Domenicali: F1 not “blind” to concerns over Saudi GP future
In the wake of a difficult weekend for F1, following a missile strike on an oil storage facility less than 10 miles from the Jeddah circuit, the fate of the race hung in the balance.
While F1 chiefs were confident about security at the venue after briefing from Saudi authorities, drivers were more uneasy about the situation and held a four-hour meeting on Friday night to discuss a potential boycott.
In the end, following talks with team principals, Saudi representatives and senior F1 figures, the drivers agreed that it would be better if they committed to competing.
But while the decisions made in Jeddah were focused only on getting through the race weekend, talks are set to take imminently about whether or not F1 should return.
While some within the paddock are comfortable having Saudi Arabia on the calendar, others have more concerns about the security situation and the negativity that has surrounded the sport over recent days.
Domenicali is well aware that Saudi’s presence on the schedule it not without some controversy, but thinks it is wrong to suggest that there are big question marks over its future.
Speaking to Sky, Domenicali said: “I think that it’s not a matter of question mark. It is a matter of understanding the situation.
“We are not blind, but we don’t have to forget one thing: that this country, also through F1 and the sport on which we believe, is doing a massive step forward.
“You cannot pretend to change a culture that is more than a millennium in a blink of an eye. The resources they’re putting in place to move forward you can see here.

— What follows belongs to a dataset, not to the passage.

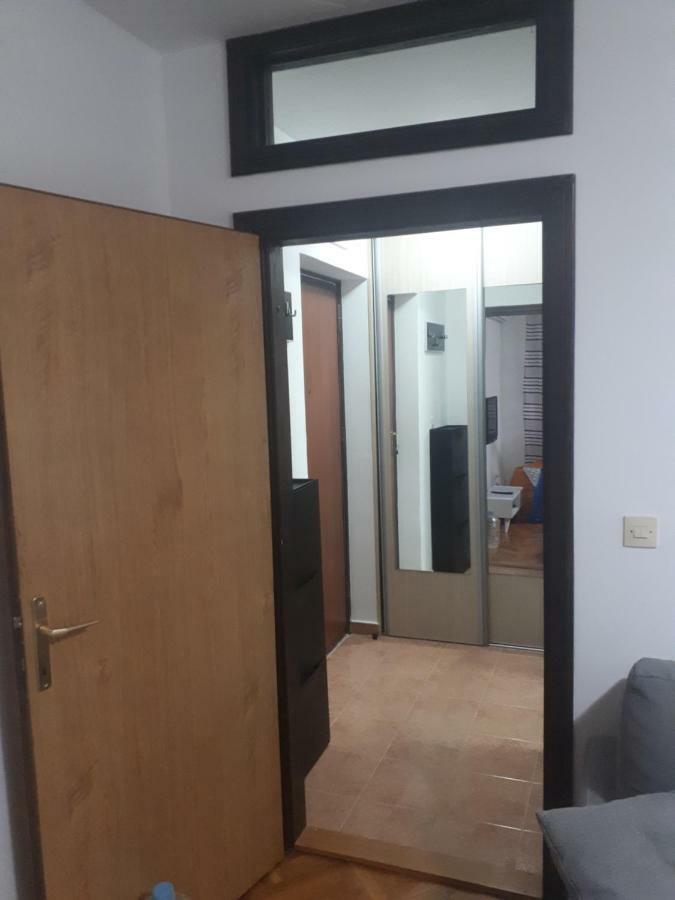 Apartment Tijana Sutomore Exterior photo
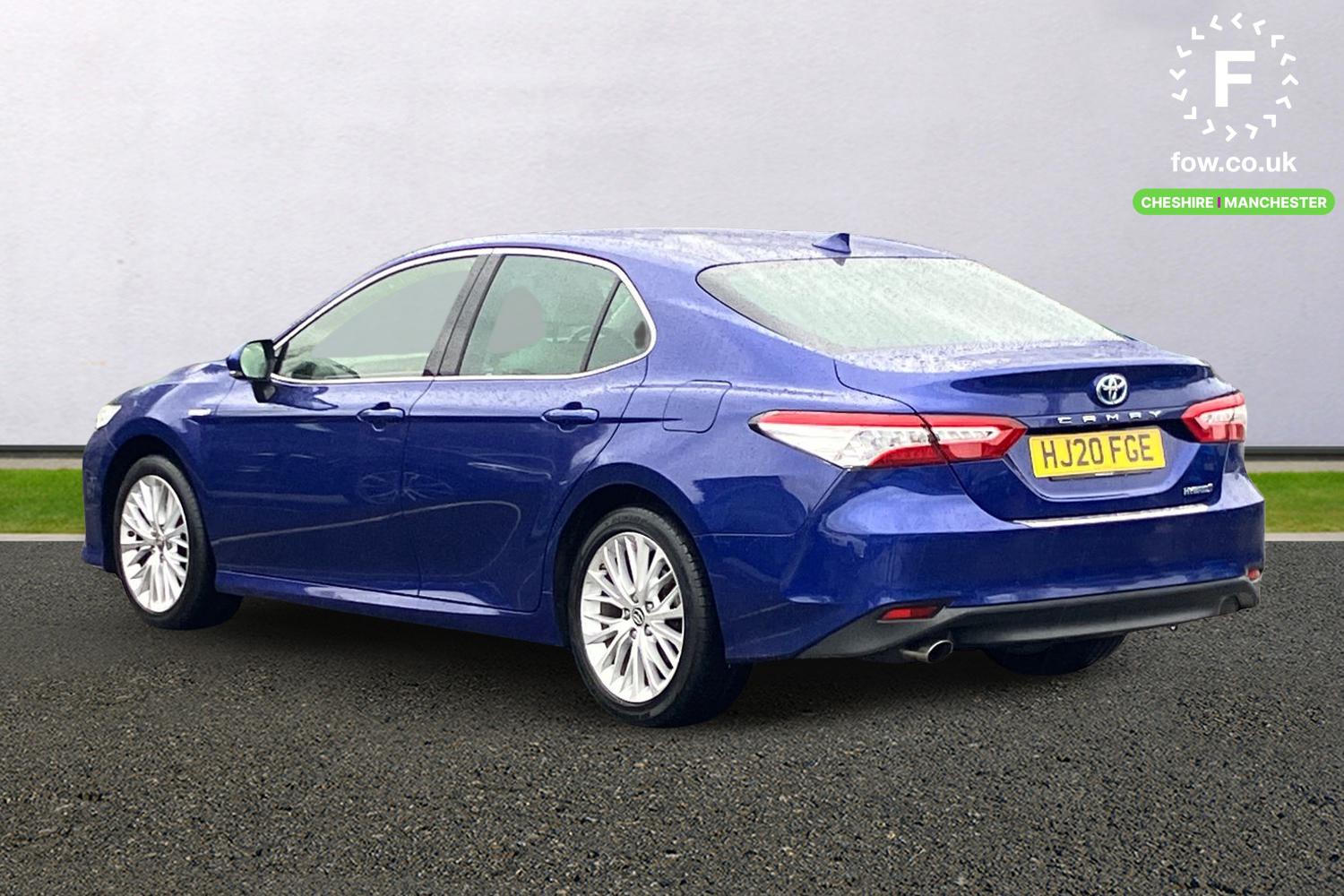 Used Toyota Camry 2020 for sale - 76267977: Photo 2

FIA president Mohammed bin Sulayem and F1 CEO Stefano Domenicali addressing the media in the wake of a missile strike near the Jeddah track
Photo by: Carl Bingham / Motorsport Images
“Don’t forget, a couple of years ago, women couldn’t drive, and they’re here on the grid, cheering the kids. They’re partying, they’re seeing the sport, they are changing a lot of laws in order to make sure that this is happening. We don’t have to not consider that.
“Of course, there are tensions inside, there are things that have to be improved. We don’t want to be political on that.
“But I do believe that we are playing a very important role in the modernisation of this country. We are focused, of course, on making sure that these are the centre of our agenda.”
While some have suggested F1 has been hypocritical in cancelling the Russian Grand Prix because of its war with Ukraine, but pushing on with Saudi Arabia despite its conflict in Yemen, Domenicali sees things differently.
“It is a matter of definition, is a terrorist attack a war?” he explained.
“We are talking about sport, we are of course in contact with all the authorities and with all the embassies, with all the right governing bodies.
“And of course, we will follow that and we will never be in a situation that can jeopardise the safety of our people.”